▸ **Directions**
Each line below must be transcribed exactly, and no picture may appear in the transcription.

▸ **Provided data**

——

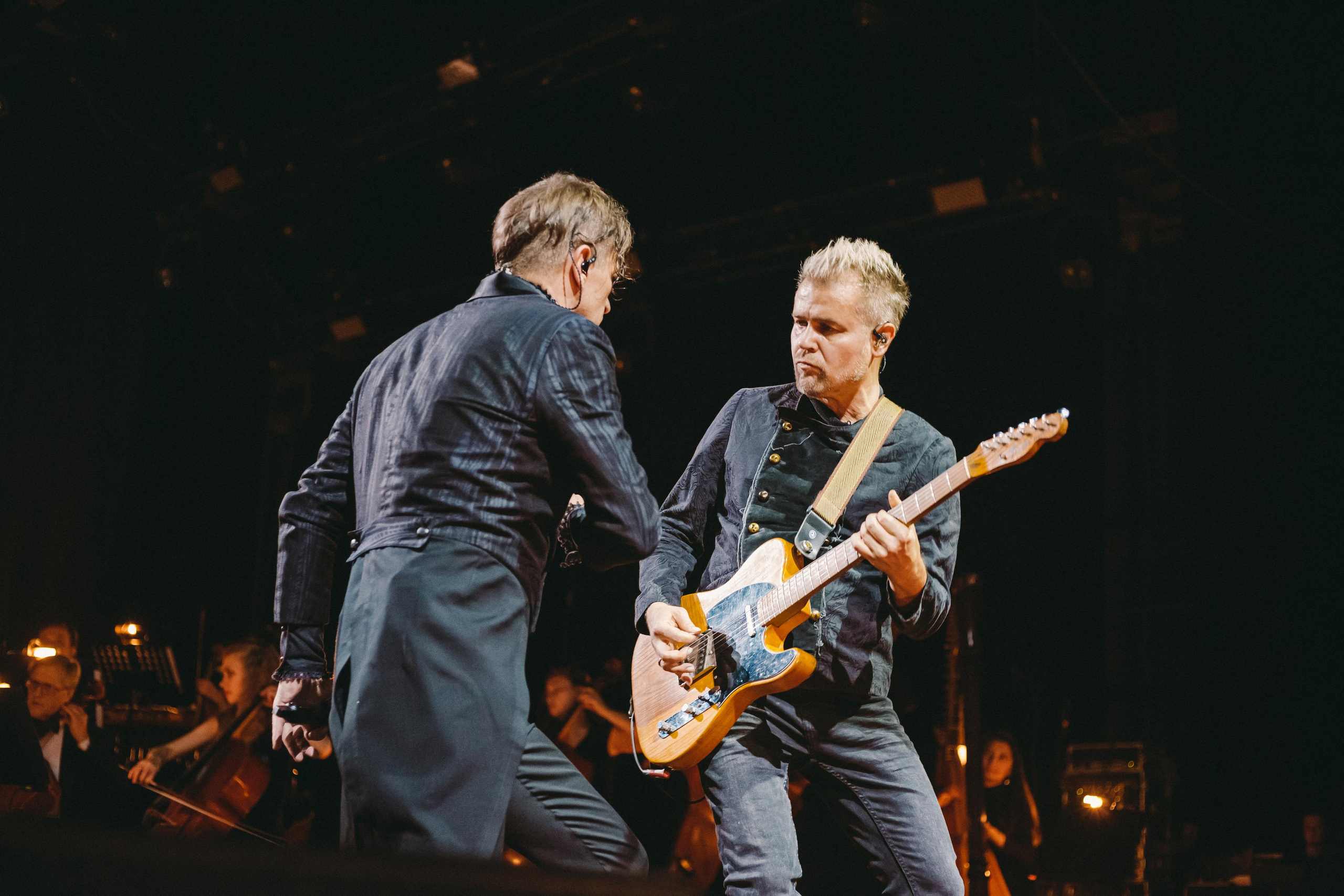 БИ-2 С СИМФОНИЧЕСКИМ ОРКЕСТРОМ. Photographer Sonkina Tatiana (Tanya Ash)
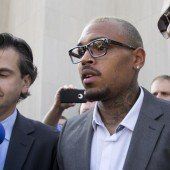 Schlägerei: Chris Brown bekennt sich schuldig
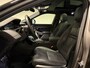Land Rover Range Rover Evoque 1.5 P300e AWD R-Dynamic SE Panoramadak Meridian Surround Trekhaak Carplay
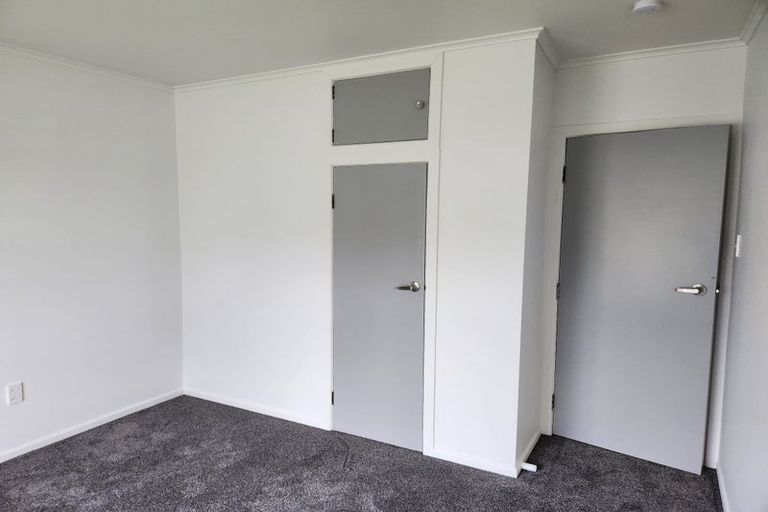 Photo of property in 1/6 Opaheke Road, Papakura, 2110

——

▸ **Problem solution**
 БИ-2 С СИМФОНИЧЕСКИМ ОРКЕСТРОМ. Photographer Sonkina Tatiana (Tanya Ash)
 Schlägerei: Chris Brown bekennt sich schuldig
Land Rover Range Rover Evoque 1.5 P300e AWD R-Dynamic SE Panoramadak Meridian Surround Trekhaak Carplay
 Photo of property in 1/6 Opaheke Road, Papakura, 2110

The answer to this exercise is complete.